Go through the data below and transcribe it exactly. Omit the images.

Listed entries Block Start

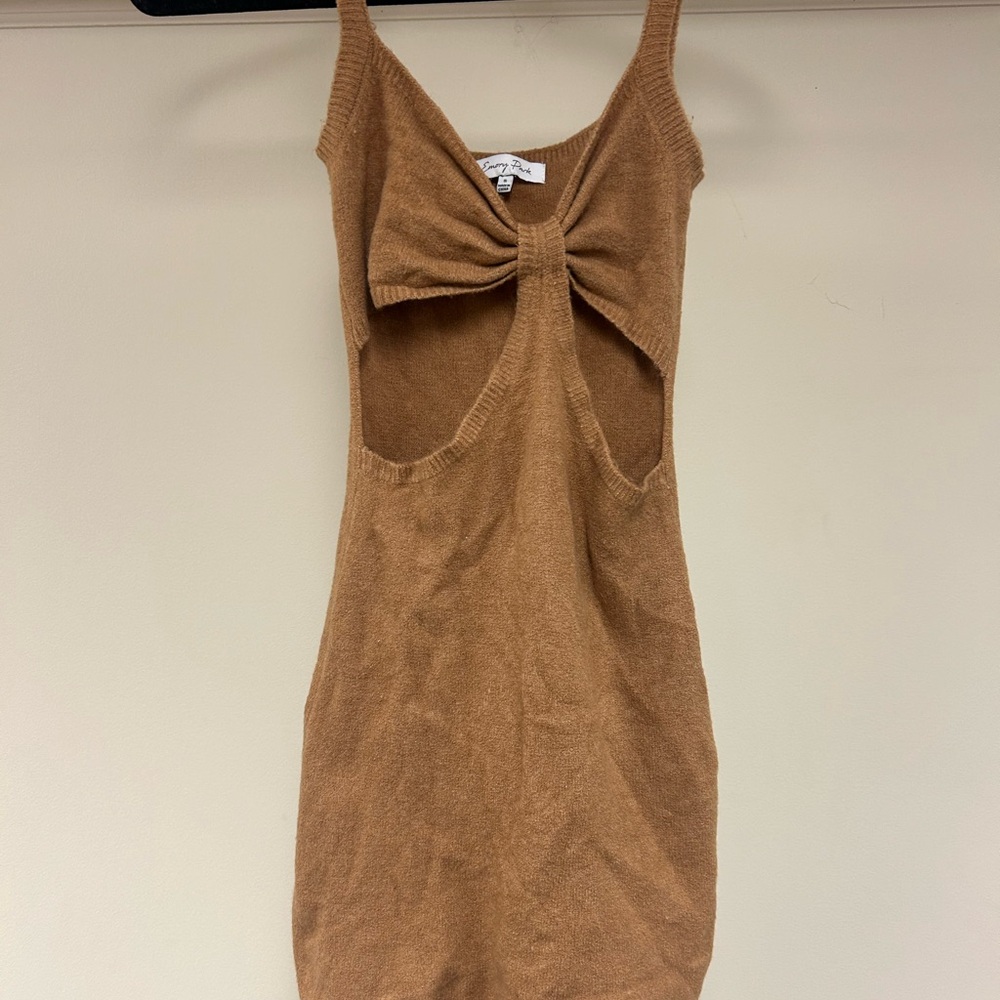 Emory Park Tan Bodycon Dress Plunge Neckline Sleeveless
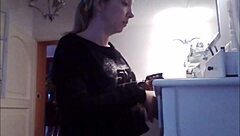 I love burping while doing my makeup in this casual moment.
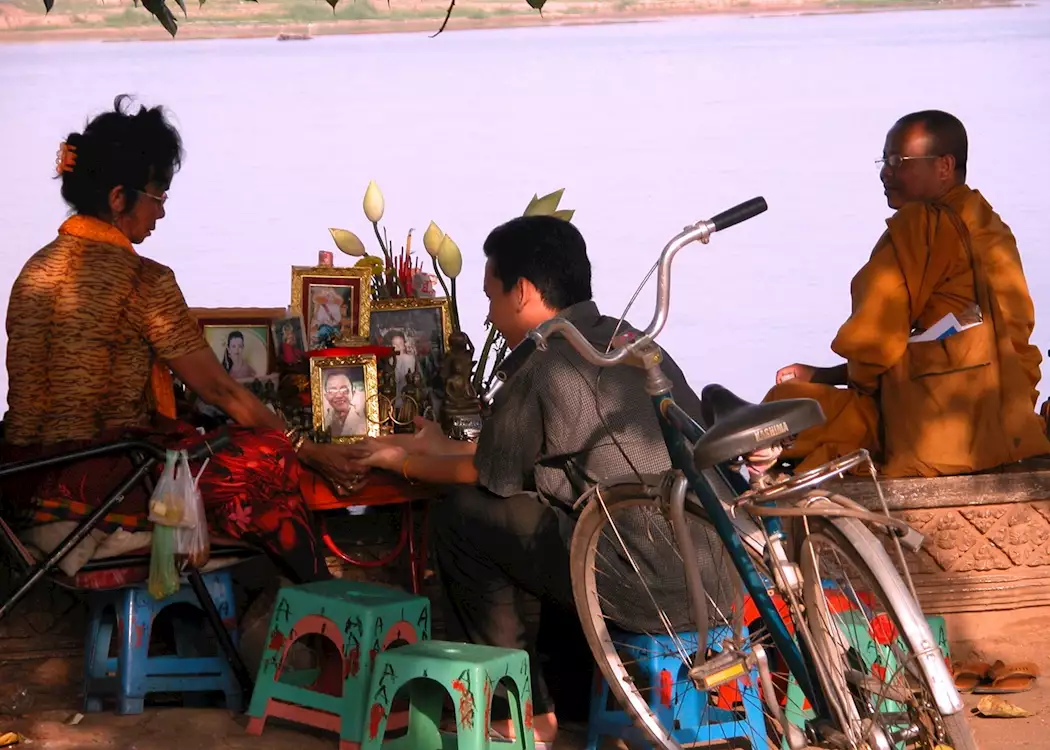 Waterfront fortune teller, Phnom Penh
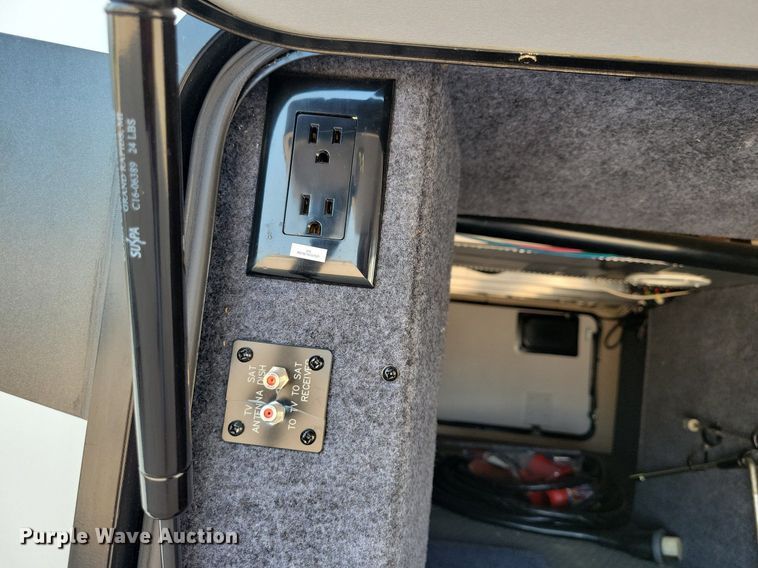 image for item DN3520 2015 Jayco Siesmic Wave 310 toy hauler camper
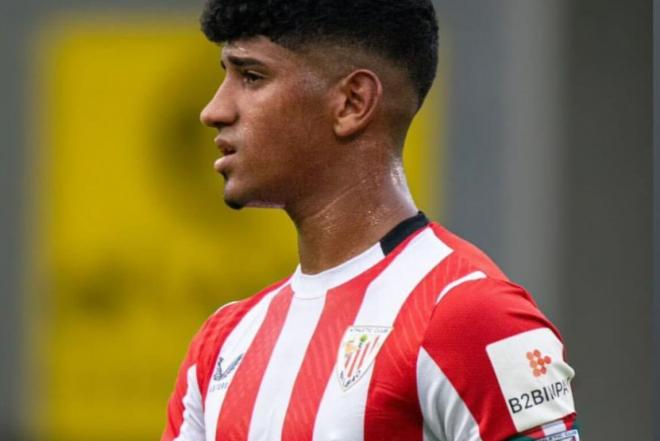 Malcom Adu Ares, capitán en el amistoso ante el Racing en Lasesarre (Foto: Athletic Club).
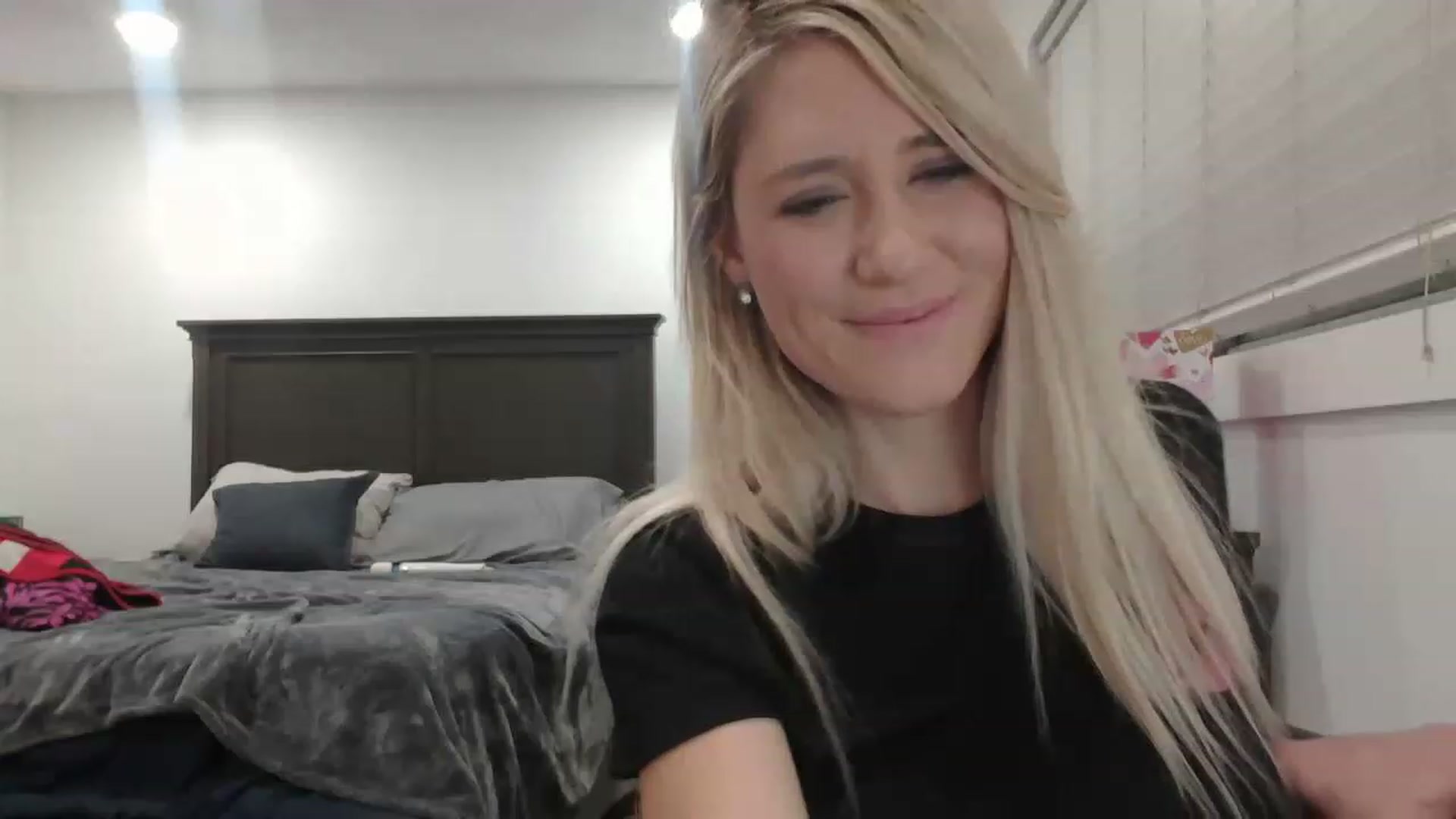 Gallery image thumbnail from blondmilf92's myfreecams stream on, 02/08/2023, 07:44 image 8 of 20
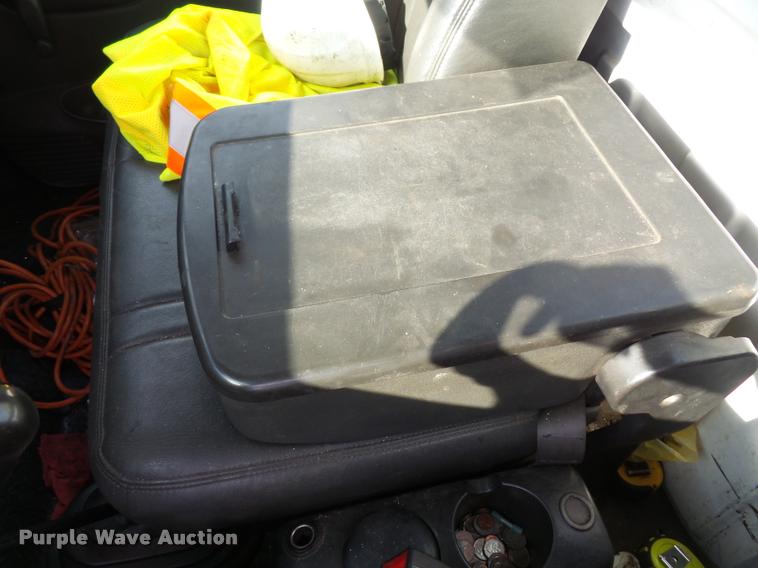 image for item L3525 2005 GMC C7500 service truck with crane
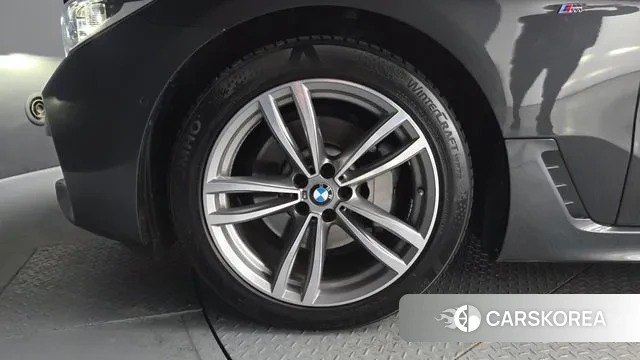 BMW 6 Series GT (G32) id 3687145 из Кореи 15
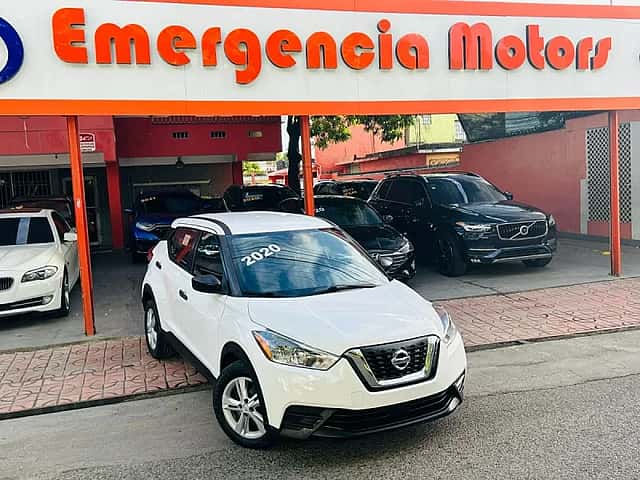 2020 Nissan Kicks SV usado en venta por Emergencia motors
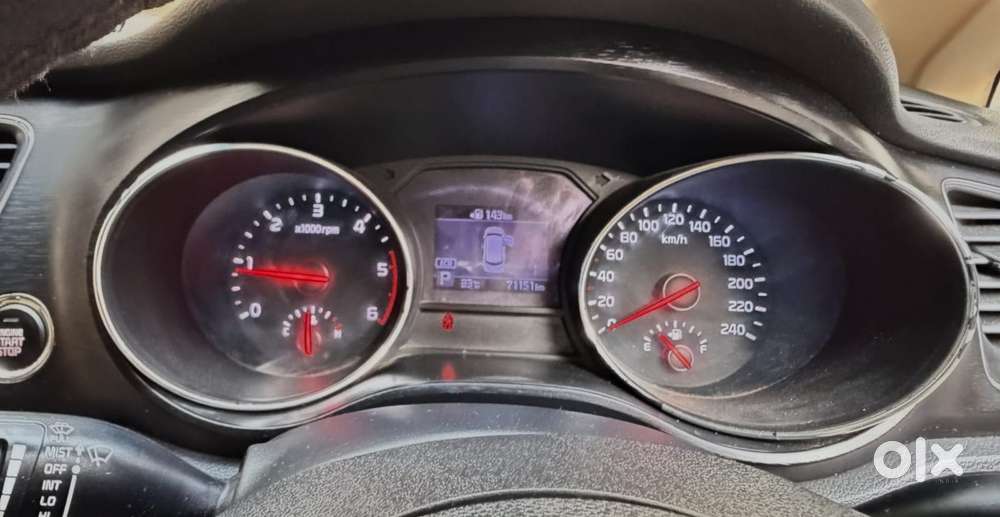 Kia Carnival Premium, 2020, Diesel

Listed entries Block End

Result of this exercise:
 Emory Park Tan Bodycon Dress Plunge Neckline Sleeveless
 I love burping while doing my makeup in this casual moment.
 Waterfront fortune teller, Phnom Penh
 image for item DN3520 2015 Jayco Siesmic Wave 310 toy hauler camper
 Malcom Adu Ares, capitán en el amistoso ante el Racing en Lasesarre (Foto: Athletic Club).
 Gallery image thumbnail from blondmilf92's myfreecams stream on, 02/08/2023, 07:44 image 8 of 20
 image for item L3525 2005 GMC C7500 service truck with crane
 BMW 6 Series GT (G32) id 3687145 из Кореи 15
 2020 Nissan Kicks SV usado en venta por Emergencia motors
 Kia Carnival Premium, 2020, Diesel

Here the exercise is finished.